- Try it
Everything from the line containing "Load image into" through the last line of the listing below should be returned exactly, except for pictures.

- Available data
--------------------------------------------------
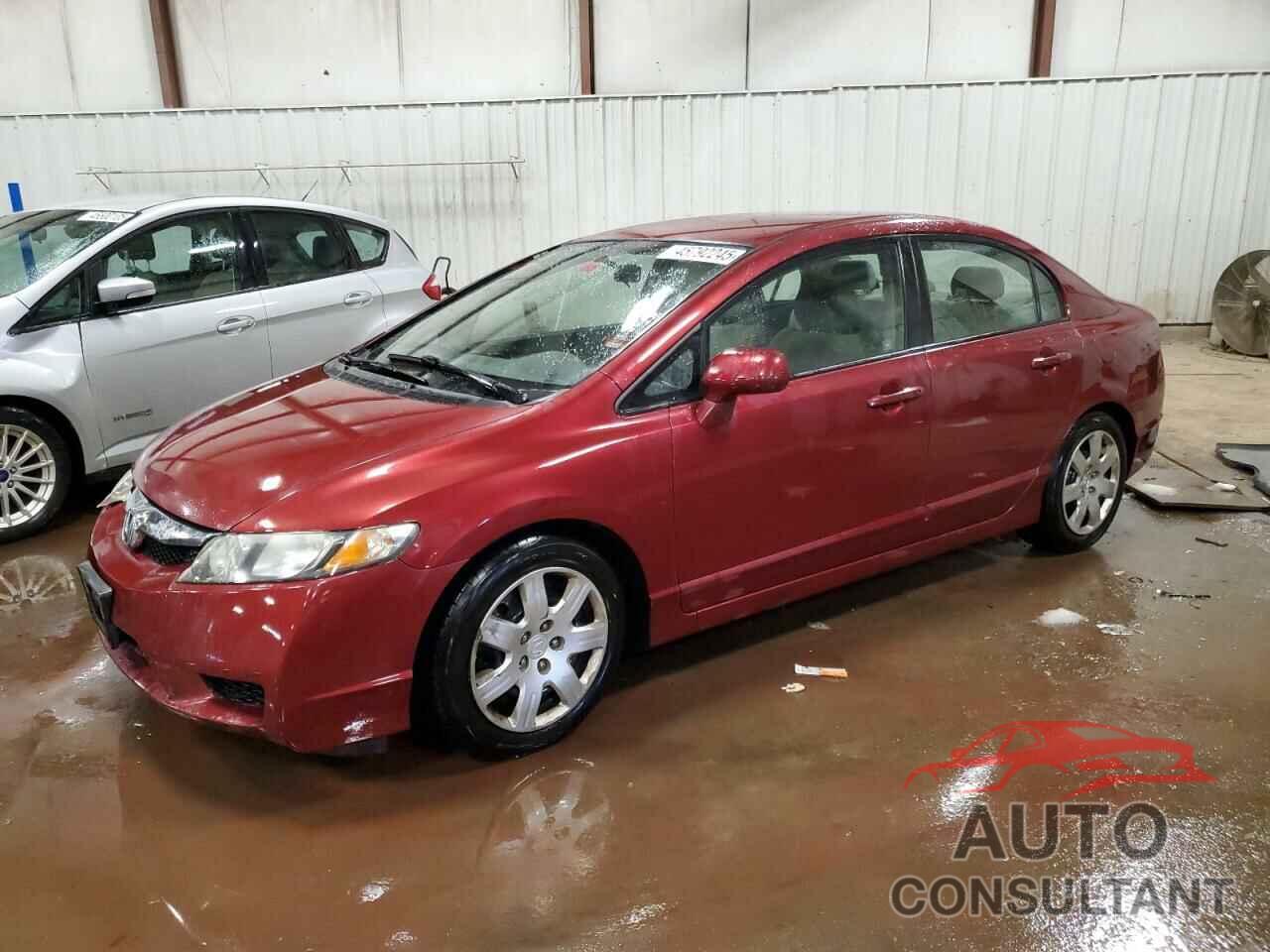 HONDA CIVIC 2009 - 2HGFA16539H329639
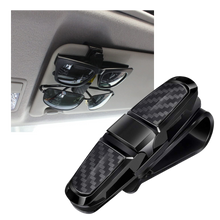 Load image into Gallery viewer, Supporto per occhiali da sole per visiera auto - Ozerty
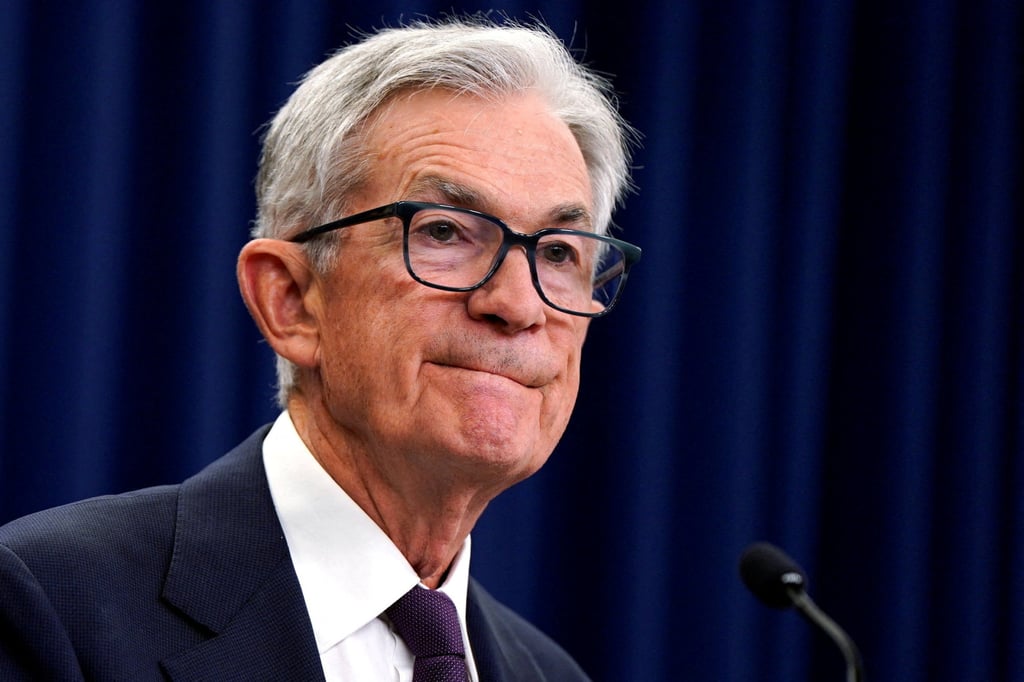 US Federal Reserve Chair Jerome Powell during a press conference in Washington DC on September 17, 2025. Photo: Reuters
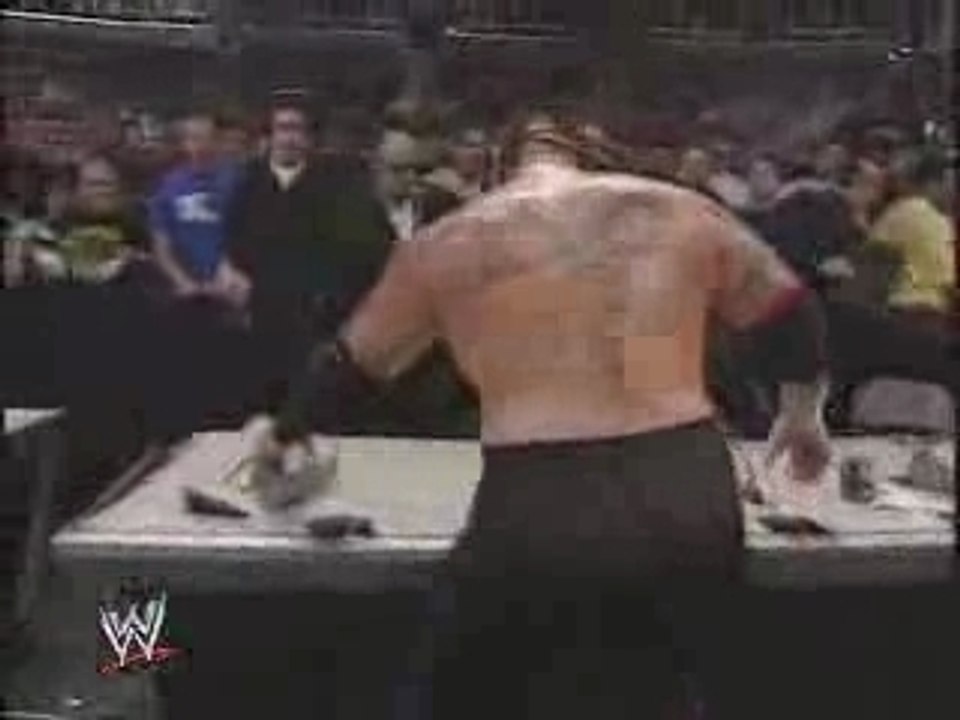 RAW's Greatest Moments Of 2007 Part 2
--------------------------------------------------
- Answer to this exercise
 Load image into Gallery viewer, Supporto per occhiali da sole per visiera auto - Ozerty
 US Federal Reserve Chair Jerome Powell during a press conference in Washington DC on September 17, 2025. Photo: Reuters
 RAW's Greatest Moments Of 2007 Part 2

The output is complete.